Modeling Causal Relations#

Except for a couple of exceptions, in DoWhy, the first step to perform a causal task is to model causal relations in form of a causal graph. A causal graph models the causal relations, or “cause-effect-relationships” present in a system or problem domain. This serves to make each causal assumption explicit. Think e.g. altitude → temperature, i.e. higher altitude causes lower temperature. In DoWhy, we require the causal graph to be a directed acyclic graph (DAG) where an edge X→Y implies that X causes Y. Statistically, a causal graph encodes the conditional independence relations between variables.

Often, the causal graph can be constructed based on domain knowledge. For example, in a distributed system of microservices, we can use request tracing frameworks to reconstruct the graph of dependencies in that system. Here, the causal graph is the reverse of that dependency graph.
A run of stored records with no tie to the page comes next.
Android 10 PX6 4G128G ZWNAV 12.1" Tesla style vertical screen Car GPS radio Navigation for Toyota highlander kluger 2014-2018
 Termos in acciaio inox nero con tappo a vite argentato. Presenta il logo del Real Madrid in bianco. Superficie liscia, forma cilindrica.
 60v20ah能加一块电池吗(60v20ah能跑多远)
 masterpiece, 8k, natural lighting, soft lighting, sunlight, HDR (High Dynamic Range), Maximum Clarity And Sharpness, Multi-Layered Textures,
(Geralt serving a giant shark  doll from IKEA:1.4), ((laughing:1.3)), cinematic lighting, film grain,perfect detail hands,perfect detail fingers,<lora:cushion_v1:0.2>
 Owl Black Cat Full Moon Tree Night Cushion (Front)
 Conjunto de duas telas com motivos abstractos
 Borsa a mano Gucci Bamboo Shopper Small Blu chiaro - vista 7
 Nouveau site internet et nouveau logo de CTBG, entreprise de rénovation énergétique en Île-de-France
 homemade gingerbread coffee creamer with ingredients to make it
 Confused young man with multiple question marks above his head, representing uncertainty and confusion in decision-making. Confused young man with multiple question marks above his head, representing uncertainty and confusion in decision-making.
../../_images/microservice-architecture1.png

In other cases, such as in understanding the factors driving hotel booking cancellations, we can consult domain experts to learn about the causal graph and construct it.

../../_images/hotel-booking-cancellations.png

In cases where we do not know the causal graph, we can apply methods for learning causal structures from data. The section Learning causal structure from data introduces statistical methods for this.

The causal graph is the most important component for most causal tasks since the accuracy of downstream analysis depends on it. To diagnose and potentially reject a causal graph, check out Refuting a Causal Graph and the example notebook Falsification of User-Given Directed Acyclic Graphs. These tests cannot conclude that a graph is valid, but check necessary properties that any valid graph for a dataset should satisfy. As a result, they can be used to refute invalid graphs, help discover errors and improve the graph.

Once we have the causal graph, the next steps are defined by what we want to do:

For effect estimation using specific effect estimators, this is all we need. The next step would be “identification” as explained in Effect Estimation Using specific Effect Estimators (for ACE, mediation effect, …).
For many other tasks, we will also have to assign so-called causal mechanisms to each node as explained in Modeling Graphical Causal Models (GCMs).